Foto 1 - Margens do rio Panelas, na zona urbana de Catende

 

 

 


Foto 2 - Margens do rio Una, na zona urbana de Palmares.

 

 

            A ação humana na formação de cheias também está presente de outras formas.  Nos rios Una e Pirangi ocorre retirada de areia dos leitos para fins comerciais. Esta atividade, quando realizada de forma não controlada, pode alterar a calha do rio causando desestabilização dos taludes naturais com conseqüente assoreamento da calha.

            A retirada da vegetação ao longo das margens dos rios também é outro fator potencializador das enchentes, ocasionando desmoronamentos e assoreamento.

            Estes fatores socioambientais formadores de enchentes só podem ser controlados com planejamento rural e urbano que preveja o zoneamento das áreas inundáveis, dedicando seu uso às áreas verdes, de lazer e esportes, juntamente ao controle ambiental efetivo, com medidas coibitivas à deposição de lixo e esgotos nos rios, além de constantes programas de informação e educação ambiental.

            Como os engenhos situavam-se sempre junto a um rio ou riacho, de cujas águas dependia todo o processo agroindustrial da produção do açúcar e do álcool, foram nesses locais que se desenvolveram os povoados que deram origem às atuais cidades.

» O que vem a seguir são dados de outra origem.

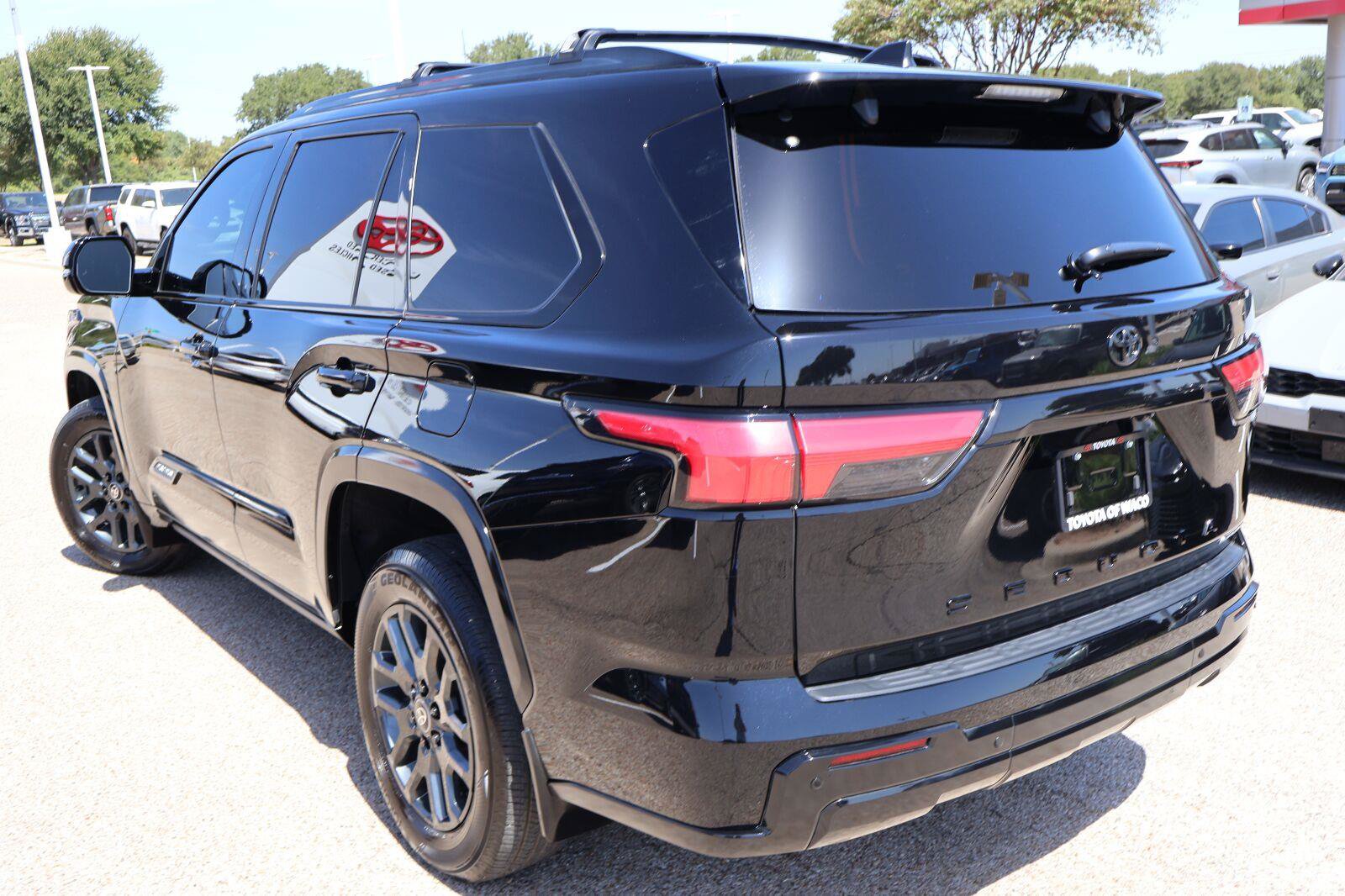 Certified 2026 Toyota Sequoia Platinum AWD/4WD image 5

            O despejo de efluentes industriais não tratados, associados aos das aglomerações humanas sem condições sanitárias básicas, aos desmatamentos de nascentes e margens de rios e à ocupação desordenada das margens levaram às más condições dos cursos d’água da região,  muitas vezes transformados em canais de despejo.     Atualmente, o uso da água na bacia do Una se dá para o abastecimento público e para a recepção de efluentes domésticos gerados pelos 28 municípios e dos efluentes agroindustrial e industrial (CPRH, 2001)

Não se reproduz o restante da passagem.